§ Aim of the exercise
Please reproduce the lines of the records below from the one holding "For question A, we" through the one holding "So a1 is not", inclusive, skipping all pictures.

[Items listed in a dataset]
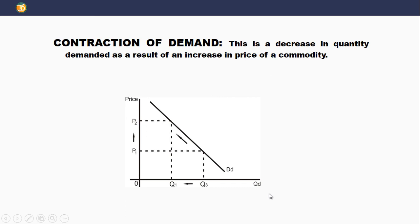In summary, change in quantity demanded means we could have either extension or expansion of demand — which is an increase in quantity demanded — or contraction of demand, which is a decrease in quantity demanded. Both are caused by either an increase or decrease in price of the commodity only.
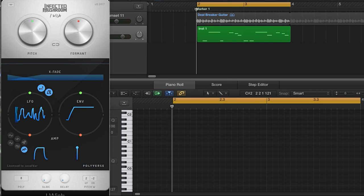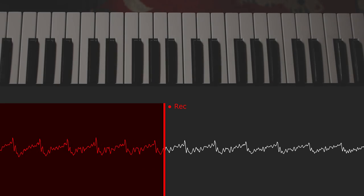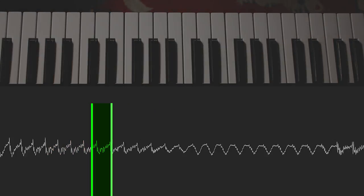I Wish is a granular note freezer. The plugin samples the incoming audio, and when you hit a note, it plays part of it back as a loop. The loop is so short and plays so fast that it creates an audible pitch. The pitch is determined by the note played on your keyboard.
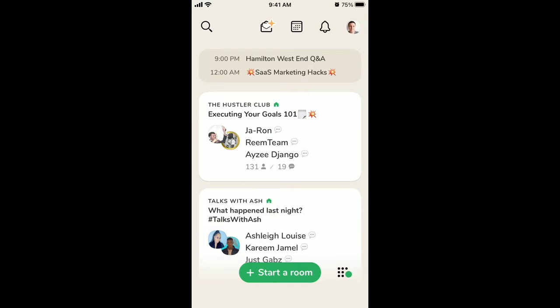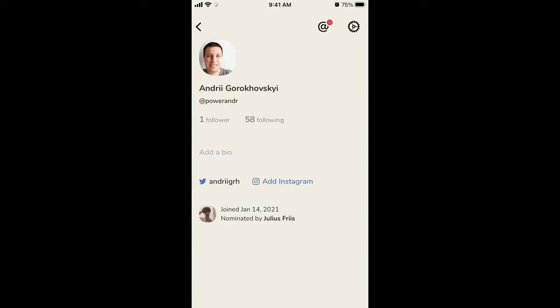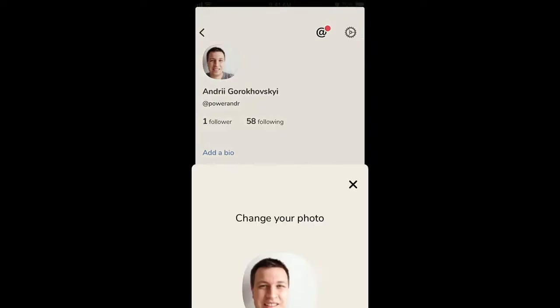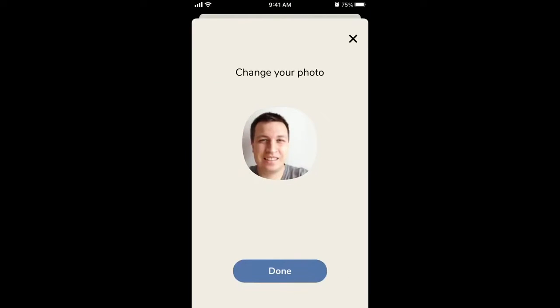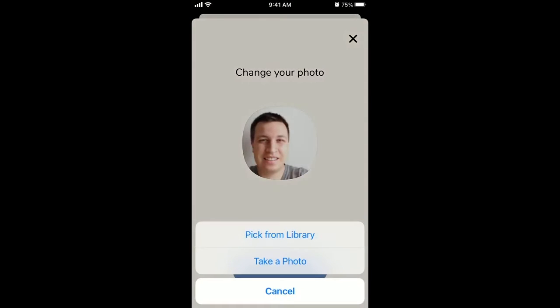To change your profile picture in the Clubhouse app, just tap in the top right and tap on your profile picture. Then tap again and you can pick it from your library or you can take a photo.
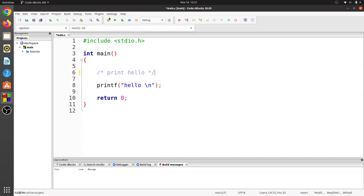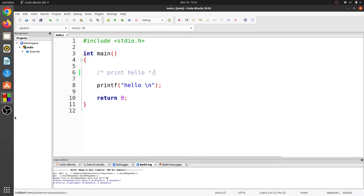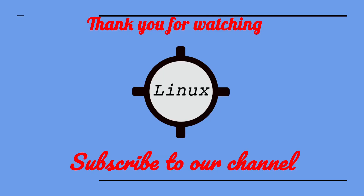Leave a comment if you have any questions. Thank you for watching. Don't forget to like this video and subscribe to our channel. Thank you.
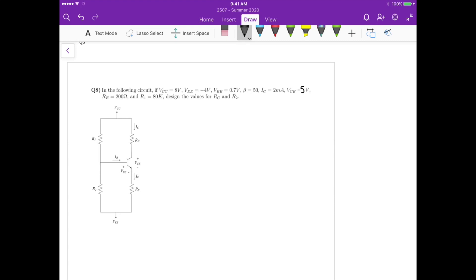For question A, we have the following circuit. We know VCC is 8V, VBE is 4V, VBE is 0.7, beta equals 50, the collector current is 2 mA, VCE is 5V, the emitter resistance is 200 ohms, and R1 is 80K. We just need to design the values of RC and R2.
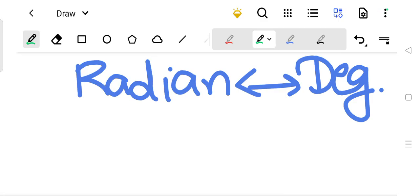Hello students, welcome back to basic trigonometry. Today we are going to discuss the conversion between radian and degree angles.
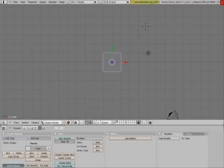I'm going to start a quick video about exporting out of Blender into the Torque game engine.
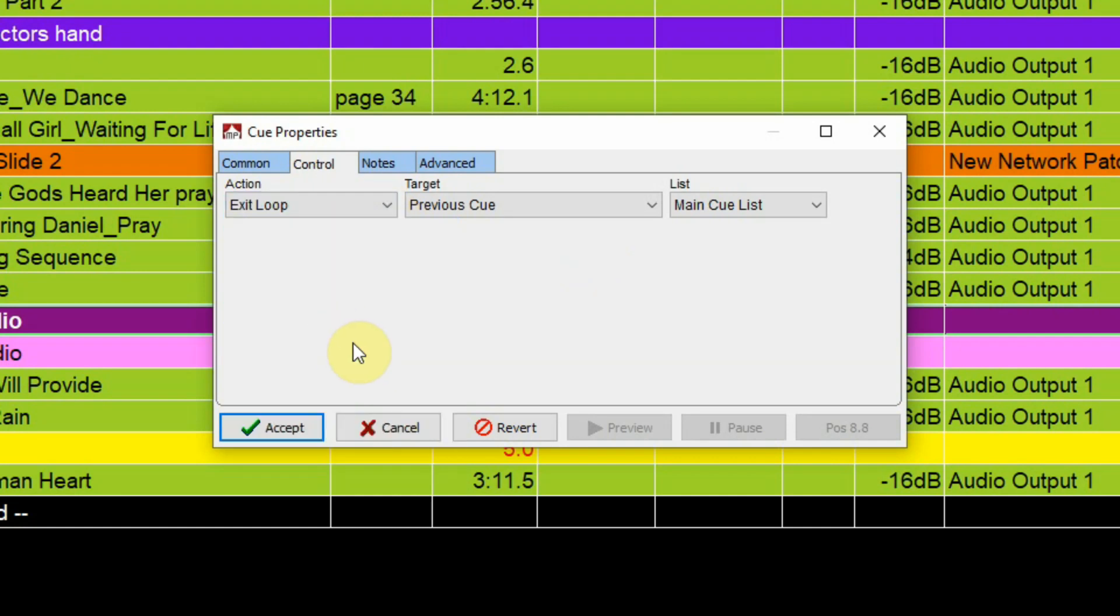Exit loop, if you chose this, if you are playing a loop so the preview, the audio file that you're dealing with is looping, you can tell it to exit the loop so on the next available time that it goes through the loop it would go past the stop point and continue playing to the end of that particular cue.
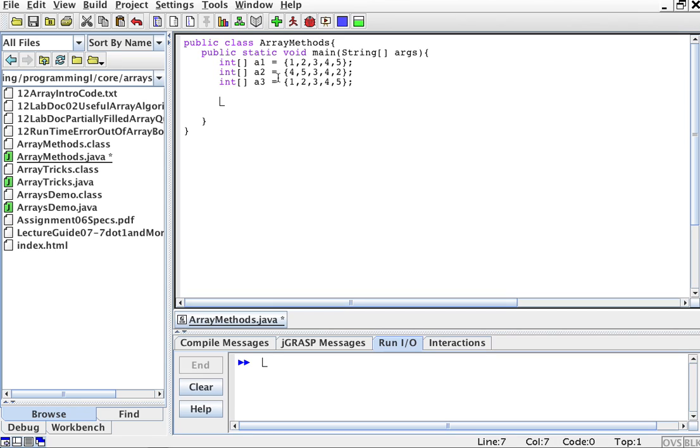So a1 is not the same as a2, but it's exactly like a3. So we're going to compare the arrays.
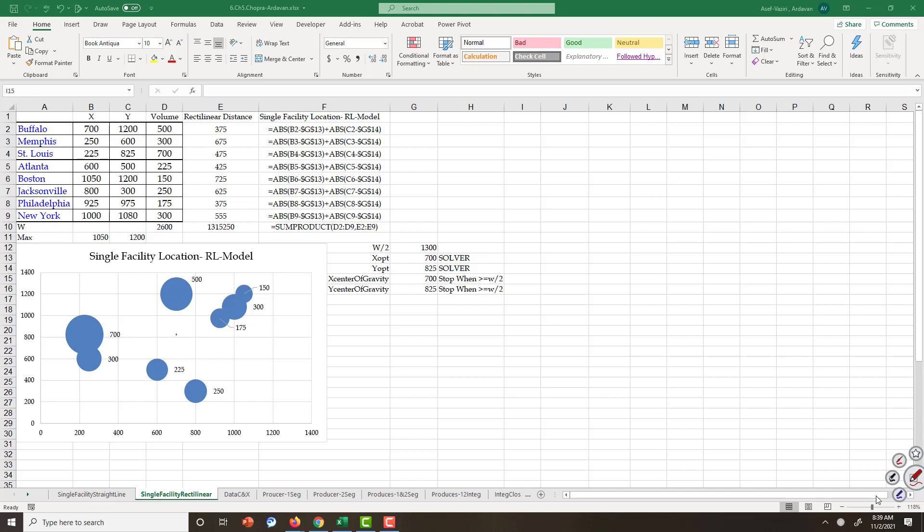Single facility location rectilinear model. In my previous talk I explained single facility location straight line model. In that model, if I have two points, the distance between two points is computed as a straight line.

§ Solution to the exercise
For question A, we have the following circuit. We know VCC is 8V, VBE is 4V, VBE is 0.7, beta equals 50, the collector current is 2 mA, VCE is 5V, the emitter resistance is 200 ohms, and R1 is 80K. We just need to design the values of RC and R2.
Hello students, welcome back to basic trigonometry. Today we are going to discuss the conversion between radian and degree angles.
I'm going to start a quick video about exporting out of Blender into the Torque game engine.
Exit loop, if you chose this, if you are playing a loop so the preview, the audio file that you're dealing with is looping, you can tell it to exit the loop so on the next available time that it goes through the loop it would go past the stop point and continue playing to the end of that particular cue.
So a1 is not the same as a2, but it's exactly like a3. So we're going to compare the arrays.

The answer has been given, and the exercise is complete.